So if someone says, "No, that's not a white oak. It's a post oak," they are not wrong if they are using common names but it is a confusing way to refer to them.  It's also correct to say, "A post oak is a white oak."

When comes to poplars, the grouping the Aspens in with poplars is (IMO) appropriate and helpful for our forum discussions because the firewood that comes from them has a lot of similar characteristics--lightweight after seasoning, low BTUs, quick burning.  Also note that a common name for the Aspens is "white poplar."


----------



## HisTreeNut (Jul 15, 2017)

Poplar or Popple?
I refer to it as "BTU's that make the wifey warm and happy."


----------



## TreePointer (Jul 15, 2017)

These days with all the dying ash that needs to be harvested, popple just rots on the ground.


----------



## kennyp2339 (Jul 16, 2017)

HisTreeNut said:


> Poplar or Popple?
> I refer to it as "BTU's that make the wifey warm and happy."


Happy wife happy life


----------



## firefighterjake (Jul 16, 2017)

Around here poplar = popple = quaking aspen.

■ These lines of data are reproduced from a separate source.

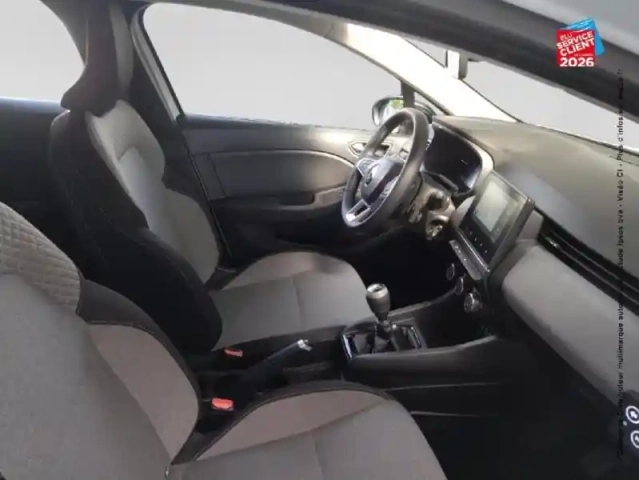 Renault Clio 1.5 blue dci 100ch evolution — photo 5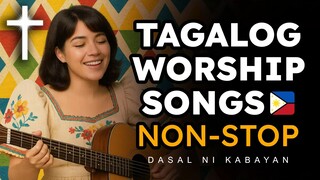 Tagalog Worship Songs • New Uplifting Praise for Courage and Peace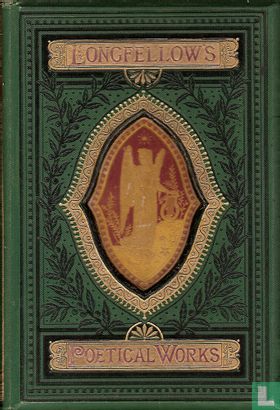 The poetical works of Henry Wadsworth Longfellow  - Afbeelding 1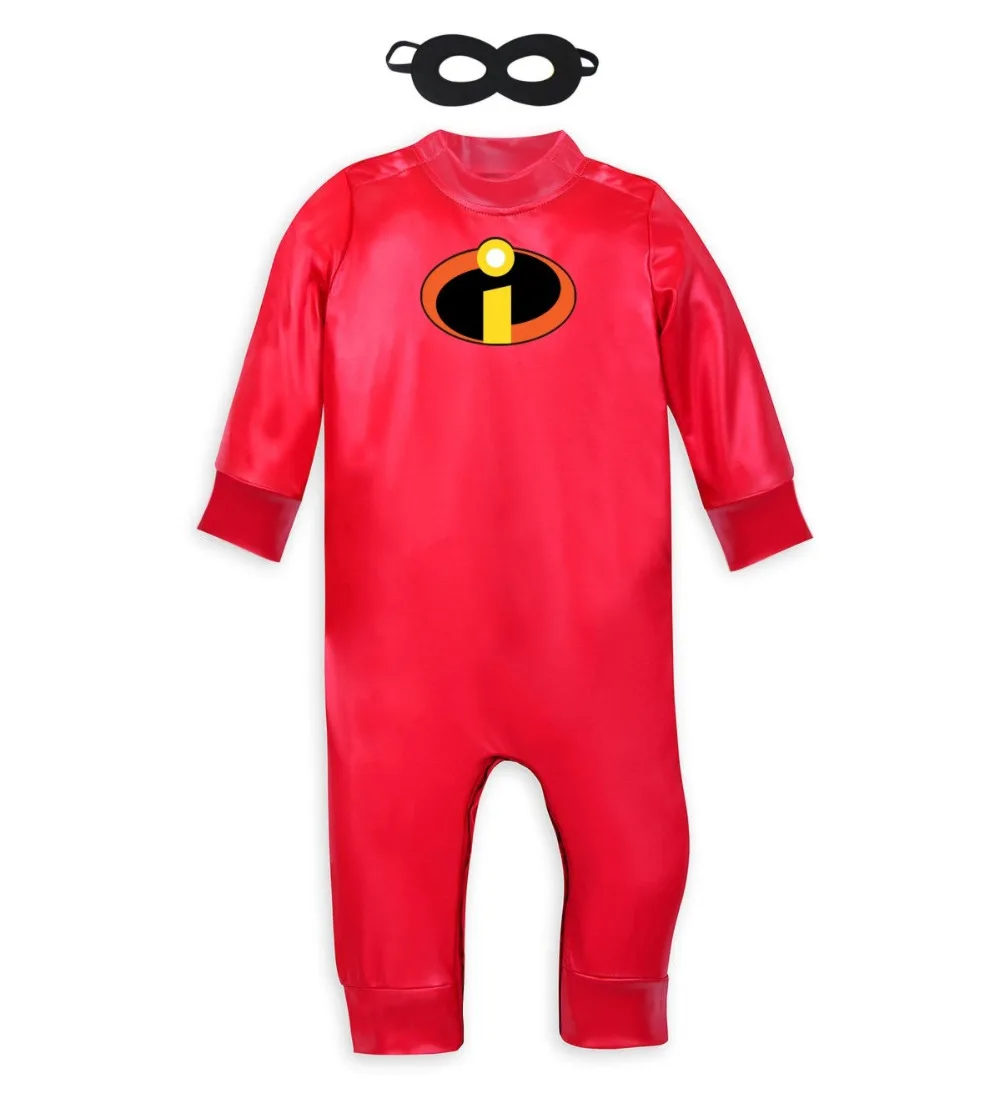 Детский костюм Джека костюм на Хэллоуин мистер невероятный 2 Комбинезон Костюм для взрослых малышей Косплей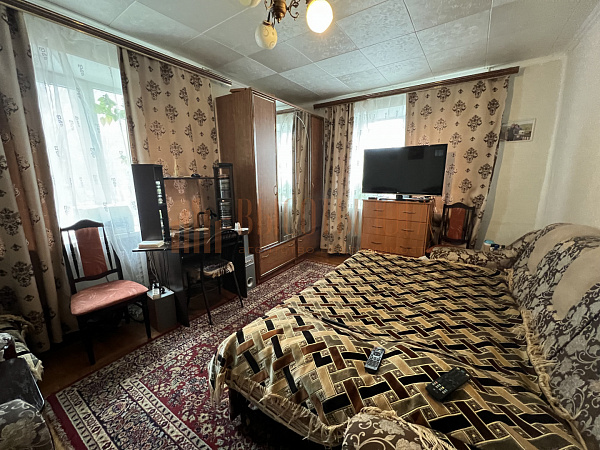 2-к квартира, 37 кв.м. (№2904)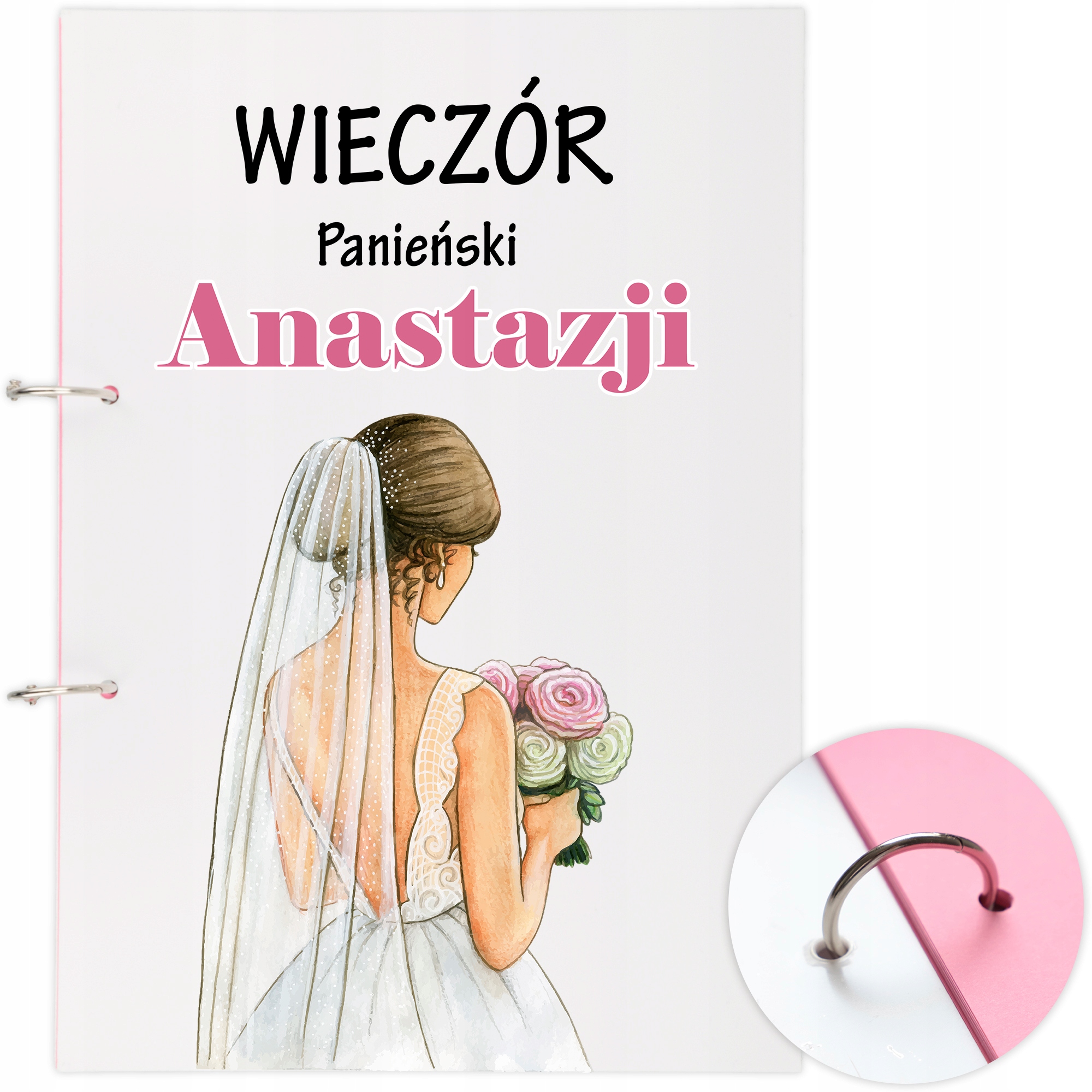 

Foto Album na Wieczór Panieński MiX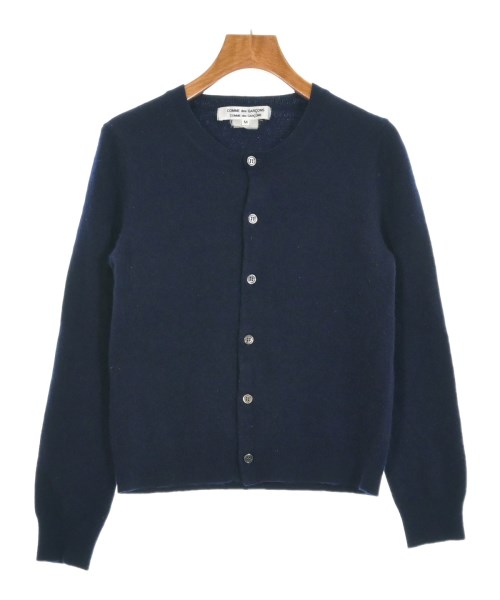 COMME des GARCONS COMME des GARCONS(コムデギャルソンコムデギャルソン)カーディガン 紺 サイズ:M/2200646018010
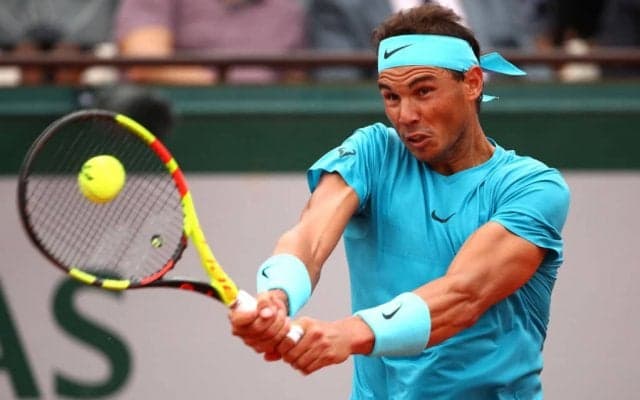 【速報】ナダルが2セット連取。一時リード許すも逆転[全仏オープン]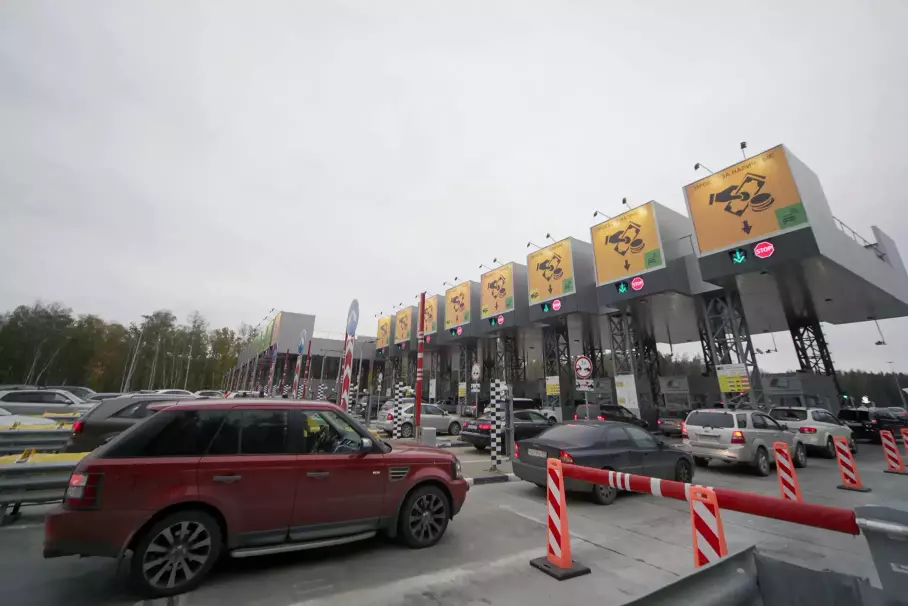 Минтранс пообещал не повышать стоимость проезда по платным дорогам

Tamarack = hackmatack = juniper (although technically the only true juniper is ground juniper).

Pine = pine (when you live in The Pine Tree State hardly anyone refers to all softwoods as pines).


----------



## Hasufel (Jul 17, 2017)

billb3 said:


> Yeah, yellow poplar, often called by it's common name  "poplar" isn't even a poplar.
> Yellow poplar (liriodendron ) is part of the Magnolia family.
> 
> All the other "poplars" - white and black, aspens, cottonwoods are all part of the "populus" family of poplars.



Actual botany aside, around here poplars = tulip poplars. FWIW, lumber identified as "poplar" is from yellow/tulip poplar.


----------